◆ YOUR INSTRUCTIONS: What's wanted is each entry repeated verbatim, minus its images.

◆ SUPPLIED INFORMATION:
******
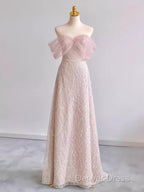 Pretty A Line Off The Shoulder Pink Sequin Long Evening Party Dresses Prom Dresses With Beads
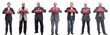 © ASDF - collage of businessmen in boxing gloves isolated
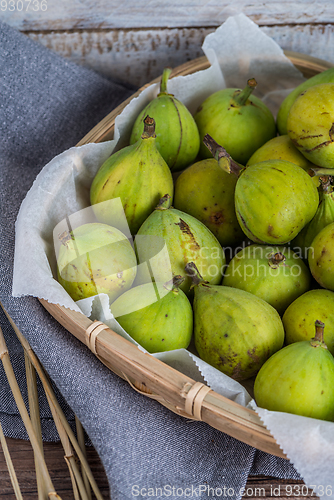 Image of Delicious figs on kitchen coutertop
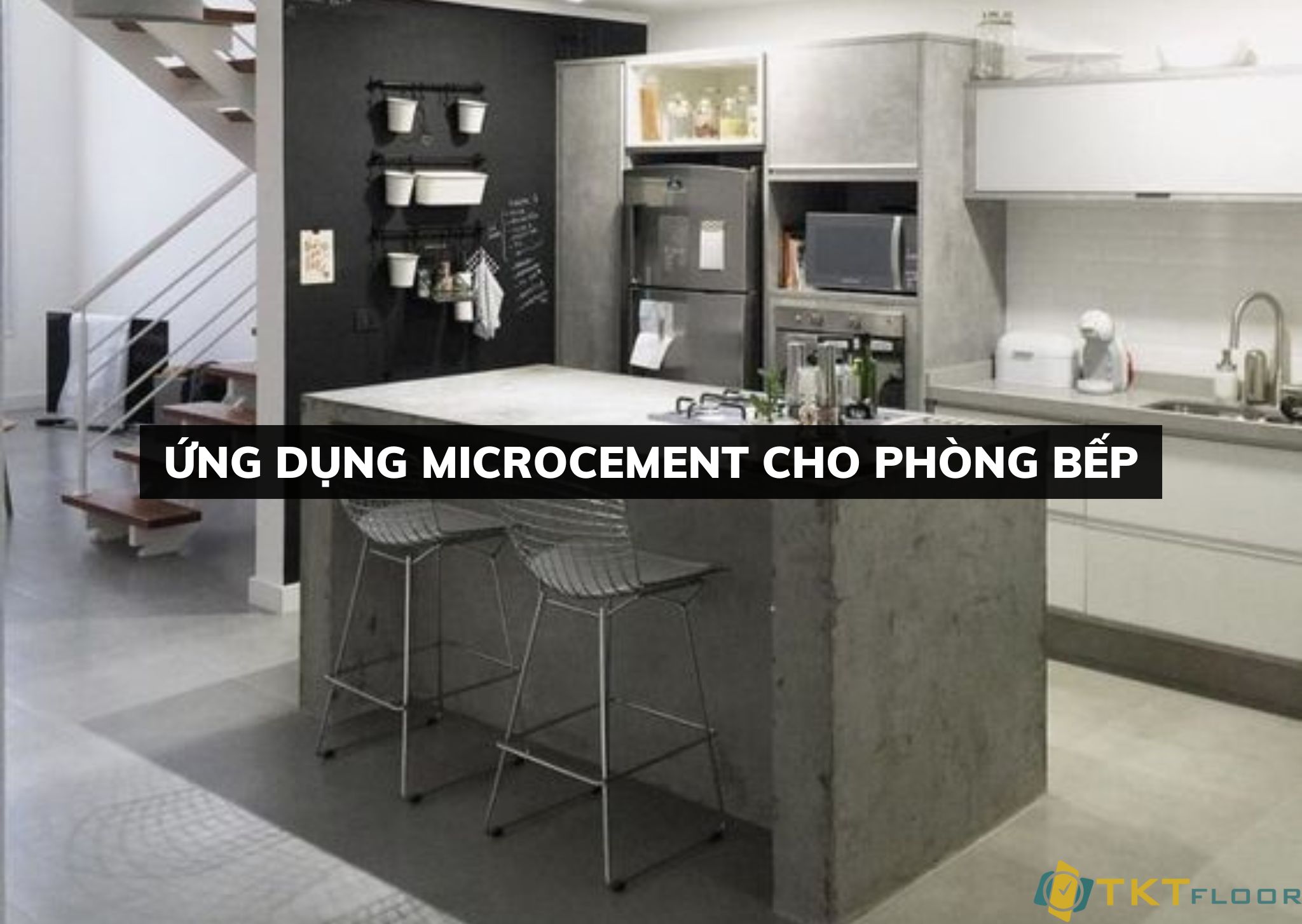 ứng dụng microcement cho phòng bếp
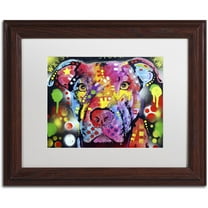 Trademark Fine Art "The Brooklyn Pit Bull" Canvas Art by Dean Russo, White Matte, Wood Frame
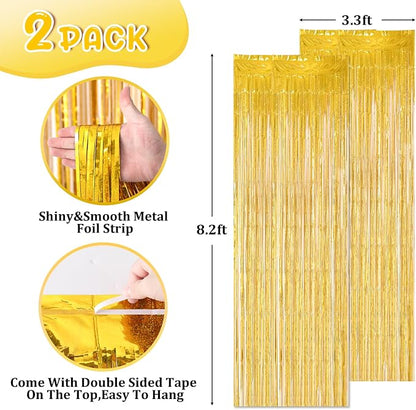 Voircoloria Laser Gold Foil Fringe Backdrop Curtains, 2 Pack | Tinsel Streamers - Image 2
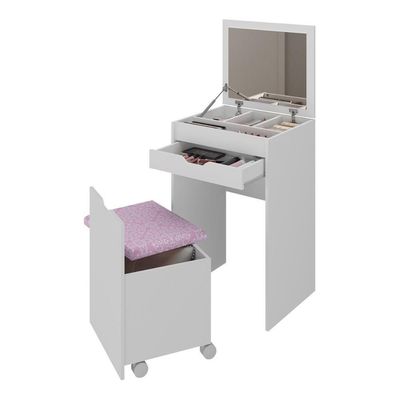 Penteadeira 54cm Com Espelho 1 Gaveta 1 Porta Basculante E Puff Multimóveis CR35251 Branco/rosa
******
◆ RESULT:
 Pretty A Line Off The Shoulder Pink Sequin Long Evening Party Dresses Prom Dresses With Beads
 © ASDF - collage of businessmen in boxing gloves isolated
 Image of Delicious figs on kitchen coutertop
 ứng dụng microcement cho phòng bếp
 Trademark Fine Art "The Brooklyn Pit Bull" Canvas Art by Dean Russo, White Matte, Wood Frame
 Voircoloria Laser Gold Foil Fringe Backdrop Curtains, 2 Pack | Tinsel Streamers - Image 2
 Penteadeira 54cm Com Espelho 1 Gaveta 1 Porta Basculante E Puff Multimóveis CR35251 Branco/rosa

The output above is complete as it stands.